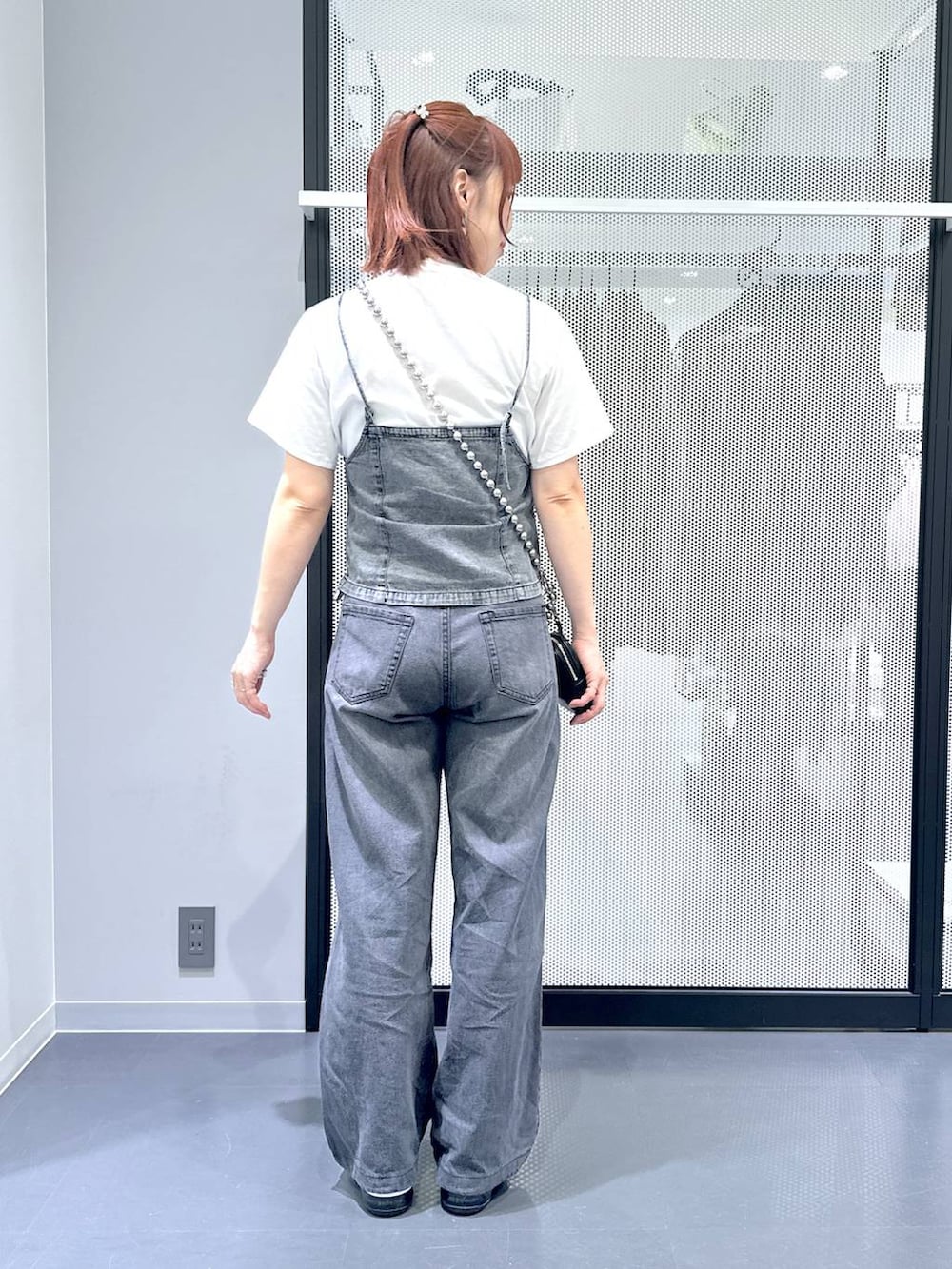 ブラック系のデニムパンツ、グレー系のベスト、ホワイト系のTシャツ/カットソーを着用したレディースの夏コーディネートの4枚目の写真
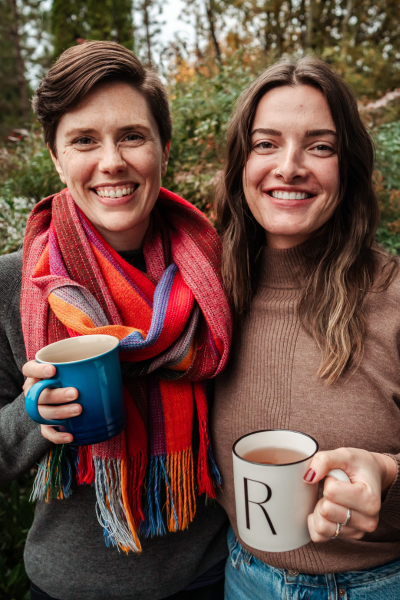 Puget Sound midwives Caroline Sausler (she/her), LM, CPM and Rachel Wright (she/her) CPM, MSM, BSN have their arms around one another as they smile into the camera holding mugs
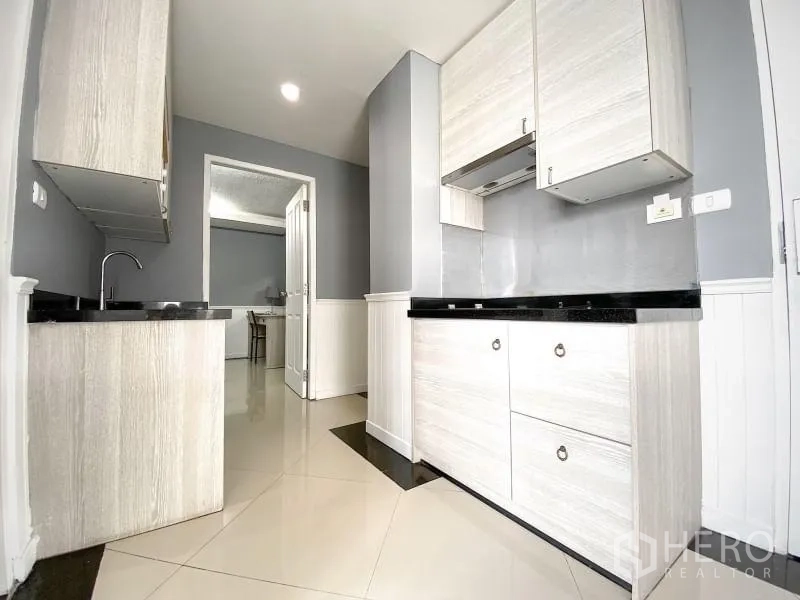 Condominium for rent in Khlong Toei, Bangkok - Kitchen view with additional cabinets, extractor and ample counter space.
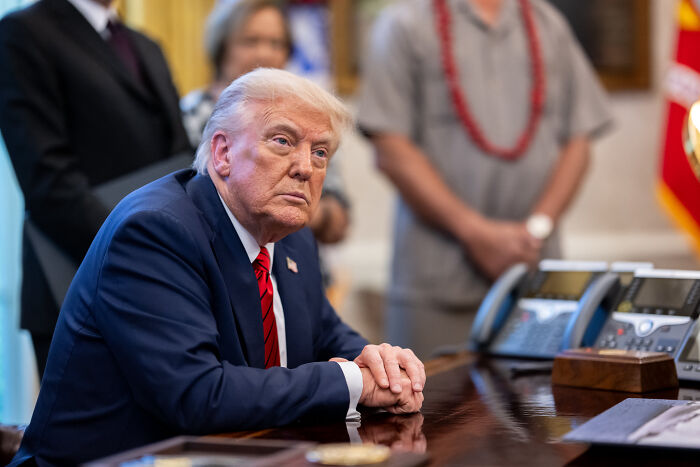 Donald Trump sitting at a desk in a suit and red tie, a key figure linked to Star Wars Day and red lightsaber discussions.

────────────────

Send back the listing exactly as it stands. Do not include the pictures.

 ブラック系のデニムパンツ、グレー系のベスト、ホワイト系のTシャツ/カットソーを着用したレディースの夏コーディネートの4枚目の写真
 Puget Sound midwives Caroline Sausler (she/her), LM, CPM and Rachel Wright (she/her) CPM, MSM, BSN have their arms around one another as they smile into the camera holding mugs
 Condominium for rent in Khlong Toei, Bangkok - Kitchen view with additional cabinets, extractor and ample counter space.
 Donald Trump sitting at a desk in a suit and red tie, a key figure linked to Star Wars Day and red lightsaber discussions.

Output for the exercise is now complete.